The closing of the Offering is scheduled to occur on or about October 2, 2015. The Underwriting Agreement requires us to indemnify the underwriter against certain liabilities, including liabilities under the Securities Act of 1933, as amended, or to contribute to payments that the underwriter may be required to make because of such liabilities.
The Offering is being conducted pursuant to the Company’s registration statement on Form S-3, as amended (File No. 333-202862), which became effective on April 24, 2015, and a related prospectus supplement dated September 29, 2015 filed with the Securities and Exchange Commission pursuant to Rule 424(b)(5) under the Securities Act of 1933, as amended.
The foregoing summary of the Underwriting Agreement is subject to, and qualified in its entirety by, such document incorporated herein as Exhibit 1.1, which is incorporated herein by reference.

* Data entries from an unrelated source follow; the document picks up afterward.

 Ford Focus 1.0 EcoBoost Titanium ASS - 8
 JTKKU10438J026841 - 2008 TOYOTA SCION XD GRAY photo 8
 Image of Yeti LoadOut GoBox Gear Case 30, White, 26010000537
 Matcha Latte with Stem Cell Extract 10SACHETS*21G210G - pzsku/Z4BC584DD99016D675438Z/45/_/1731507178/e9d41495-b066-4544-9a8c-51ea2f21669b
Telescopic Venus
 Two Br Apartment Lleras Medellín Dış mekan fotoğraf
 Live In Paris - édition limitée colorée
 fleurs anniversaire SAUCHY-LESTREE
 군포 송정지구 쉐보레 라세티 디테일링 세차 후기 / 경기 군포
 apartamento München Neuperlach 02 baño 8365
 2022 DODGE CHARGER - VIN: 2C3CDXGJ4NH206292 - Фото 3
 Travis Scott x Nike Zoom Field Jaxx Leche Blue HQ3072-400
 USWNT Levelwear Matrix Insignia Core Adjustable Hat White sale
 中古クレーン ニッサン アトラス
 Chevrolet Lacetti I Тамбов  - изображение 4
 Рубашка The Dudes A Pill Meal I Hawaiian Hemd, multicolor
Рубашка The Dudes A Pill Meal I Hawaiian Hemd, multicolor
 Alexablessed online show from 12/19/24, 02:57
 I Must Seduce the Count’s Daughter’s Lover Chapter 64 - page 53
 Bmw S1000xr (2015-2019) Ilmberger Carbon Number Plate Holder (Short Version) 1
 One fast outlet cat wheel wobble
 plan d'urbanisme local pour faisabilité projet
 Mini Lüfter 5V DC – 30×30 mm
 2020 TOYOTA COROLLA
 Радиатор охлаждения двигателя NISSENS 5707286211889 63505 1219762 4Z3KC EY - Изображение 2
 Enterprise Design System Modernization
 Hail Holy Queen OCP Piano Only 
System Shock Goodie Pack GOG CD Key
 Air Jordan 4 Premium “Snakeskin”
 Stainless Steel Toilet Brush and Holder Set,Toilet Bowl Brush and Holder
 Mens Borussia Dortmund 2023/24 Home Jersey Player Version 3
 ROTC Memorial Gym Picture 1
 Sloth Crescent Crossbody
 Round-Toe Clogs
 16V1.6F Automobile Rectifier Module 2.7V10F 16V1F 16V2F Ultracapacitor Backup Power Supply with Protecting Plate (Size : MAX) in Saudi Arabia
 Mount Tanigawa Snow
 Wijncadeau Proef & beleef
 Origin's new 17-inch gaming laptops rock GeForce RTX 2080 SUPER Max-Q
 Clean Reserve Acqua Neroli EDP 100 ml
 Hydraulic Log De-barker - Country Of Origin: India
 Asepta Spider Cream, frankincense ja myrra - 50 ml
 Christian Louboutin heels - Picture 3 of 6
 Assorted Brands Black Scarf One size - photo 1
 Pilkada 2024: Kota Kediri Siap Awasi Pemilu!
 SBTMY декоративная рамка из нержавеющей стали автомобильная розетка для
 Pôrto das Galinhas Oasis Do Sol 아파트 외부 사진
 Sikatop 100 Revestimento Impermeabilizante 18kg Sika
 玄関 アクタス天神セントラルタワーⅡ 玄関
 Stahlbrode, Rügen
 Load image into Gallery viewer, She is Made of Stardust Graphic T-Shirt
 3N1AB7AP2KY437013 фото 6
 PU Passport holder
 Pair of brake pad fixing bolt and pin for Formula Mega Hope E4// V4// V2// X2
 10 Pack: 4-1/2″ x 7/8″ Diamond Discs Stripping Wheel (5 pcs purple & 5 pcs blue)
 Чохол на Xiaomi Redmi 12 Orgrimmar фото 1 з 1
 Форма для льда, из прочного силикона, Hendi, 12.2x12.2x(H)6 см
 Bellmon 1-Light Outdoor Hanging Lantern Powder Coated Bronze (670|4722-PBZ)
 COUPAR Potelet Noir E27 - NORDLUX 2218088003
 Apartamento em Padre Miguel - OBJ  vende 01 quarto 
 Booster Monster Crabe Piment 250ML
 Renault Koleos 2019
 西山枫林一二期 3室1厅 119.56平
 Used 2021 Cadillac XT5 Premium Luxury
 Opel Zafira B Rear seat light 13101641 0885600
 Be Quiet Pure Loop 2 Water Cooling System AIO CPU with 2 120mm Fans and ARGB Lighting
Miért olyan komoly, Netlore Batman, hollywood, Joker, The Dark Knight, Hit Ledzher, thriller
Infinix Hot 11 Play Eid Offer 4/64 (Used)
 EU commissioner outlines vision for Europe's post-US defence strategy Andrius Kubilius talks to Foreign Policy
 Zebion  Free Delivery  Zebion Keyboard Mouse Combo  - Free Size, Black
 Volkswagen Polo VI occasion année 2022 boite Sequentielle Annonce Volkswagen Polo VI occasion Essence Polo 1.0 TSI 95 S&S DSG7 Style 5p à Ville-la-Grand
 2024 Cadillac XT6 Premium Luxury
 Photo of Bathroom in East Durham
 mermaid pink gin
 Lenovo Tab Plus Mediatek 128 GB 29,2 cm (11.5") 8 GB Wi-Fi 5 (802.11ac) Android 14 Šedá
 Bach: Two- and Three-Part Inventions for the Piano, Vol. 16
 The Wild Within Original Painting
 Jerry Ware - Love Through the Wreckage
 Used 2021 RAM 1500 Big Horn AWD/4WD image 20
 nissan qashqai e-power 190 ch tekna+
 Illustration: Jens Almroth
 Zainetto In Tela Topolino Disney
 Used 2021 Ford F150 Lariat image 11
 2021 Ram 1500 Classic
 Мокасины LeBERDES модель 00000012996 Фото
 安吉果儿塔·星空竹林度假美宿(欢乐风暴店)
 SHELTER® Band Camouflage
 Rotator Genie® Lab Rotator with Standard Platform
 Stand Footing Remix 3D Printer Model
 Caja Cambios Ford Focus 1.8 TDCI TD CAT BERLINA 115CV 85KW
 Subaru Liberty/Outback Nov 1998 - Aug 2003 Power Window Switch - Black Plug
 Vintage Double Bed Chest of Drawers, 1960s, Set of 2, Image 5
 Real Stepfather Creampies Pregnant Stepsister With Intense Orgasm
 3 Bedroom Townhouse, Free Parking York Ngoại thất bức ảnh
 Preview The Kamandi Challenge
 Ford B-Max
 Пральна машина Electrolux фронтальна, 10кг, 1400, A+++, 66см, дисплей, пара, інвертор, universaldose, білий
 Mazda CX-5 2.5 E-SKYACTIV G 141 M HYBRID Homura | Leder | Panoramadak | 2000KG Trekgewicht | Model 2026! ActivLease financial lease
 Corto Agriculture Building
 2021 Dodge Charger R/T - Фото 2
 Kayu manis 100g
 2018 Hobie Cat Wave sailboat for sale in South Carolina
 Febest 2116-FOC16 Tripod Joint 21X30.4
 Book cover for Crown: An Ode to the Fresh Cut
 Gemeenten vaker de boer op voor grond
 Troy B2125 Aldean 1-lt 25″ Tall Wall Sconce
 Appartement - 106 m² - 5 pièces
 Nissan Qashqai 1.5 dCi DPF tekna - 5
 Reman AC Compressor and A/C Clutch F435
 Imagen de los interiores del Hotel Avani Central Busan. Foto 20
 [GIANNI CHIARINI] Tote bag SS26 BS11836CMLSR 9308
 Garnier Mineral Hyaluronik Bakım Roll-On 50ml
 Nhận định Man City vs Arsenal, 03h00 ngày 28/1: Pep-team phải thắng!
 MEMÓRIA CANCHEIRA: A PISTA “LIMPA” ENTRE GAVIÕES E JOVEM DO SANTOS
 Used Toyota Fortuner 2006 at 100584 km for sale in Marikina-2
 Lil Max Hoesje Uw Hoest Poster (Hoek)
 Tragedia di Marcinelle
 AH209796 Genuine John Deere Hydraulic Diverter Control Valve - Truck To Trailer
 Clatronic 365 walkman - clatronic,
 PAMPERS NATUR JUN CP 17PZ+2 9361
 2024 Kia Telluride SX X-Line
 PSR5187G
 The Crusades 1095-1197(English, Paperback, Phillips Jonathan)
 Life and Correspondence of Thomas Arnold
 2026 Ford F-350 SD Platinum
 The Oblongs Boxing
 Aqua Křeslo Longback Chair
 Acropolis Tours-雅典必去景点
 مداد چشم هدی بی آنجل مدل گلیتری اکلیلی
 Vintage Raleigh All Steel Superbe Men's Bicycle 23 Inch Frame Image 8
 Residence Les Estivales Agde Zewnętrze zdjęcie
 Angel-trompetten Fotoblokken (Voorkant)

A copy of the opinion of Manatt, Phelps & Phillips, LLP relating to the legality of the issuance of the shares of Common Stock is attached hereto as Exhibit 5.1. The representations and warranties contained in the Underwriting Agreement are not for the benefit of any party other than the parties to such agreement and are not intended as a document for investors or the public generally to obtain factual information about us.
Item 7.01 | Regulation FD |
The Company issued press releases announcing the Offering on September 28, 2015 and pricing of the Offering on September 29, 2015, incorporated herein as Exhibits 99.1 and 99.2, respectively.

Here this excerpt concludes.